A rant in the key of E

Did you know that the list of top grossing movies at the box office looks like this?

1. Titanic $600.79 m
2. Star Wars $461.00 m
3. Shrek 2 $436.47 m
4. E.T. $434.97 m
5. Star Wars Episode I: The Phantom Menace $431.09 m
6. Pirates of the Caribbean: Dead Man's Chest $419.65 m
7. Spider-Man $405.85 m
Box office figures thanks to www.boxofficereport.com

Wait a sec! That's right - this list means nothing at all! See, the lists of "Top Grossers" don't typically adjust for inflation. When adjusted for inflation, Gone With the Wind becomes the all-time champ (with $1112.2 m) - without doing so, GWTW comes it at 71st. 71st! What kind of a system is this?

I've long had a problem with the use of weekend (and total) box office sales (dollars) as a means of measuring success. Look at the other forms of mass entertainment media and their main statistical measuring sticks: in the music industry, volume is the KPI, with special designations at 500,000 and 1,000,000 units. Television uses Nielsen ratings, which, flawed as they may be, are still a measure of total viewers, not an arbitrary, inflation-prone stat such as advertising dollars. The publishing industry also uses total units, like the music industry.

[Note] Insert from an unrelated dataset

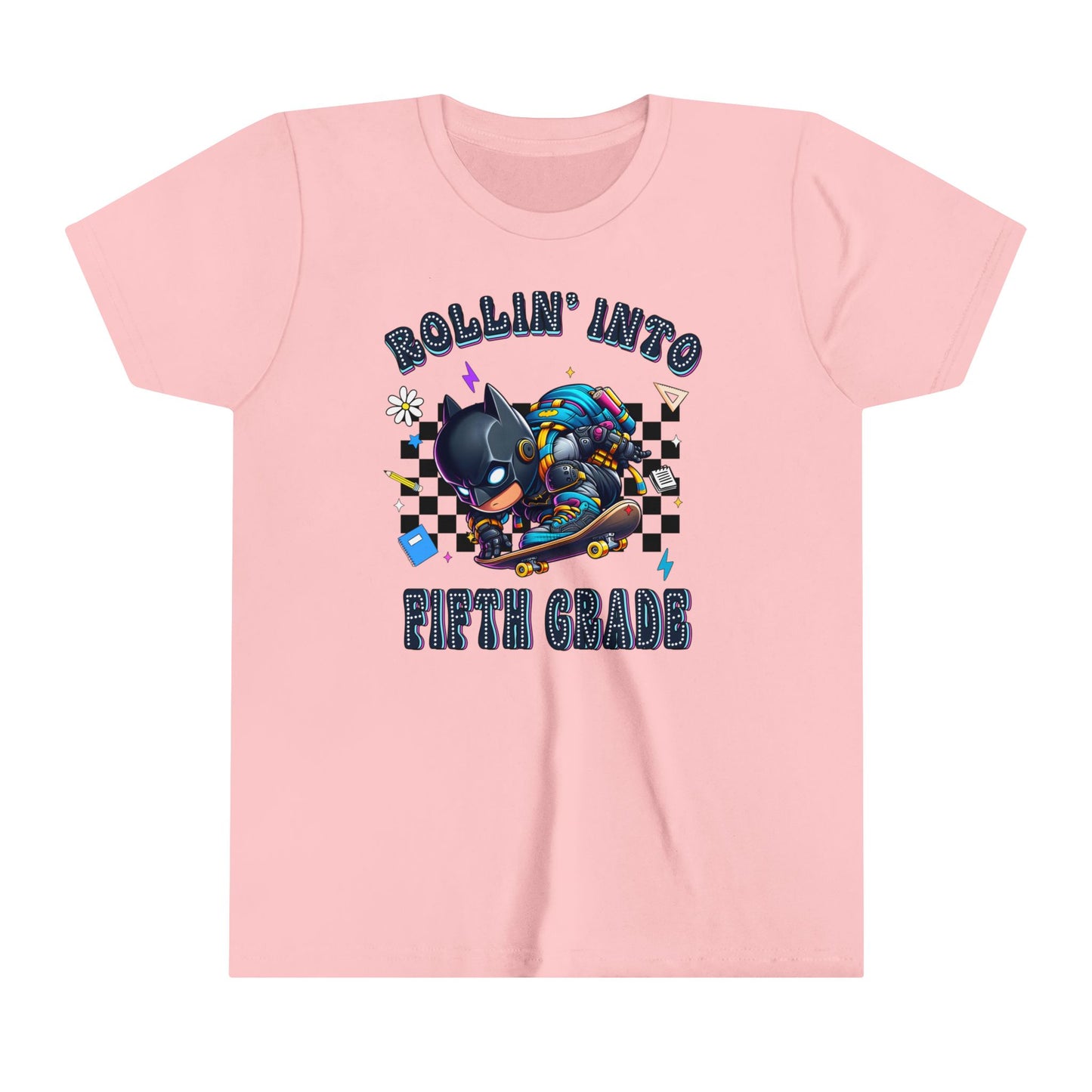 BATMAN - Rollin' Into 5th Grade Youth Short Sleeve Tee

So, the obvious question is: Why doesn't Hollywood use "number of tickets sold" as its measuring stick? The short answer is "I don't know." I can speculate a number of reasons, from the standard "that's the way it has always been done" (likely). Another possibility is that the general public responds more to "instant history" and is thus more readily influenced to see a film if it is amongst the "Top 10 of All-Time" as opposed to being "Number 212 All-Time in Tickets Sold!" (more interesting, but not as likely).

Whatever the reason, I have been and forever will be bothered by the current tracking system, and unfortunately, I don't know what can be done about it (if anything). I do have the tiniest bit of good news, though: this site lists all movies with number of tickets sold all time. The list looks very similar to the "Adjusted Box Office" list, as it should be. One can only hope that someone or some group of "them" uses some common sense and picks up on this method in the future.

1 people have chosen wisely: on "A rant in the key of E"

WampaOne said...

Great post Fleth.

The Fellowship of the rings is below the other two LOTR...I thought it would be the other way around. Also, ROTJ above ESB...some things I'll never understand. Nice to see ANH right on second though.

For some reason, I can comment at work. I try putting something down on your Little Children review and the dystopian wiki list (good stuff there too) but it never saved. Let's see if this one goes. May the Force be with You.